What is being asked:
Return an exact transcript of the material below from the line containing "Abstract red hi-tech" through its final line, and no other lines.

Supplied information:
____
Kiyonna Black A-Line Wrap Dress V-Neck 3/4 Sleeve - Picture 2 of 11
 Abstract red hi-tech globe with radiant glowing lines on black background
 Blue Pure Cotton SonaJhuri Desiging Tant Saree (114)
____
Your solution:
 Abstract red hi-tech globe with radiant glowing lines on black background
 Blue Pure Cotton SonaJhuri Desiging Tant Saree (114)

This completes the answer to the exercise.